## What is needed
In the entries below, find the line with "LOT OF FURS, COAT AND MINK STOLE" and the line with "Butterfly Kisses Between"; reproduce those two lines and all lines between them exactly, without pictures.

## Given records
=== Begin Enclosure ===

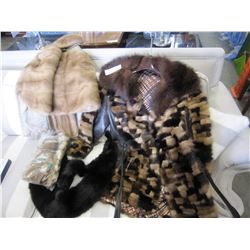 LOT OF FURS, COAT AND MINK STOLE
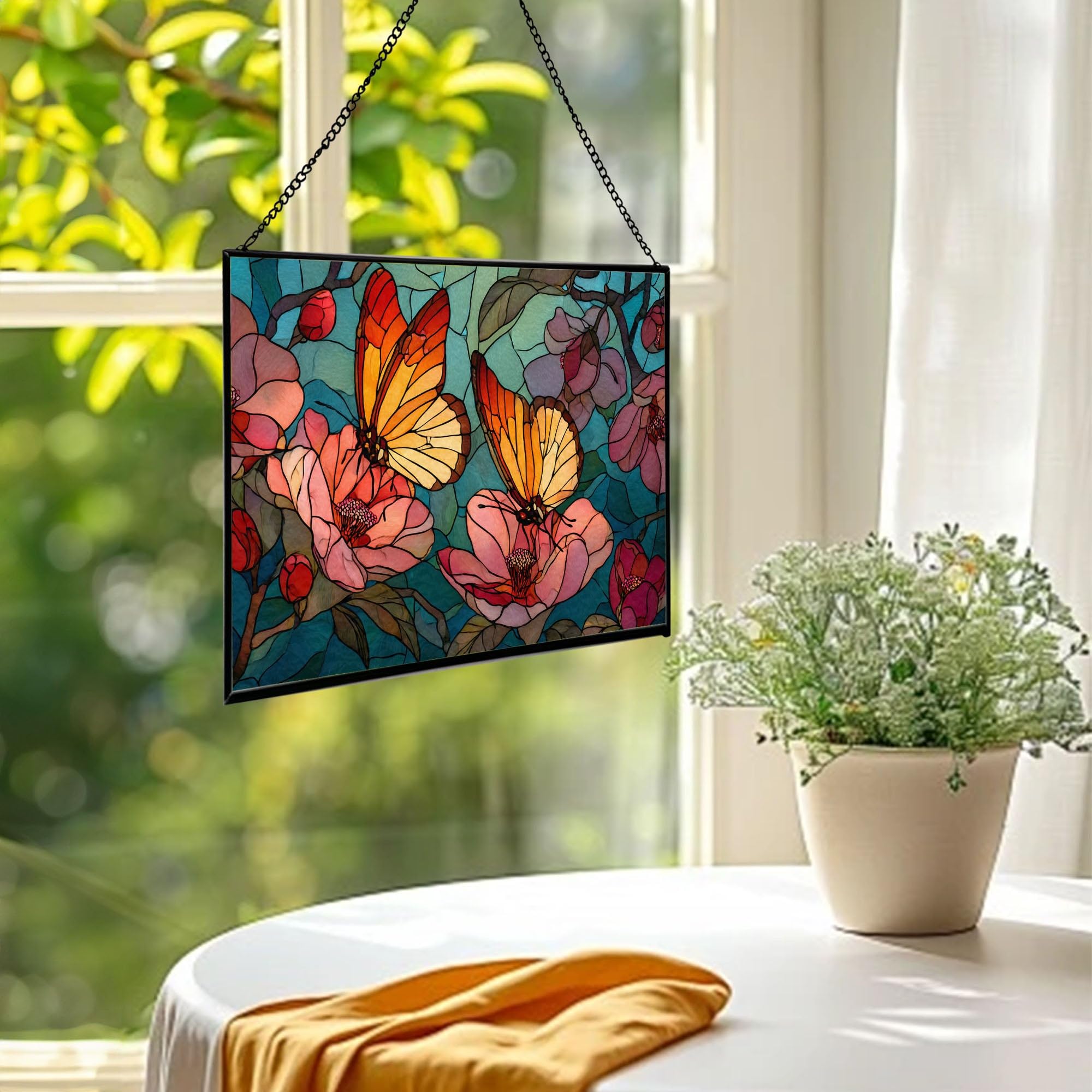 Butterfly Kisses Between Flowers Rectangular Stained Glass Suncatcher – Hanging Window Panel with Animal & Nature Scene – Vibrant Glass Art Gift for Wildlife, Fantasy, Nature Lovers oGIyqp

=== End Enclosure ===
=== Begin Enclosure ===

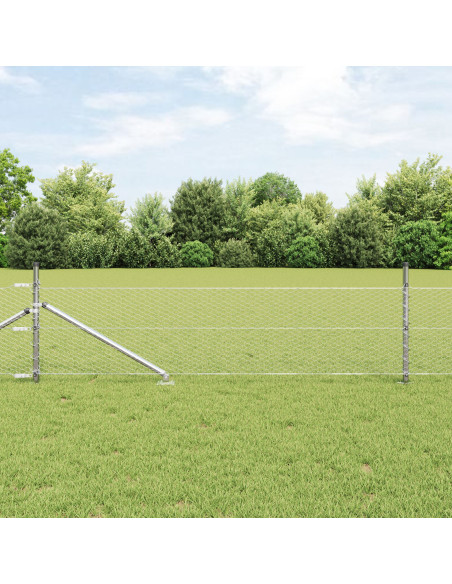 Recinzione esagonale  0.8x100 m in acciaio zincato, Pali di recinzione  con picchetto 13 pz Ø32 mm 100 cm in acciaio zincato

=== End Enclosure ===
=== Begin Enclosure ===

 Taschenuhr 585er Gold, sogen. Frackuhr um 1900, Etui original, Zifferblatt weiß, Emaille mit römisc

=== End Enclosure ===

## Response area
 LOT OF FURS, COAT AND MINK STOLE
 Butterfly Kisses Between Flowers Rectangular Stained Glass Suncatcher – Hanging Window Panel with Animal & Nature Scene – Vibrant Glass Art Gift for Wildlife, Fantasy, Nature Lovers oGIyqp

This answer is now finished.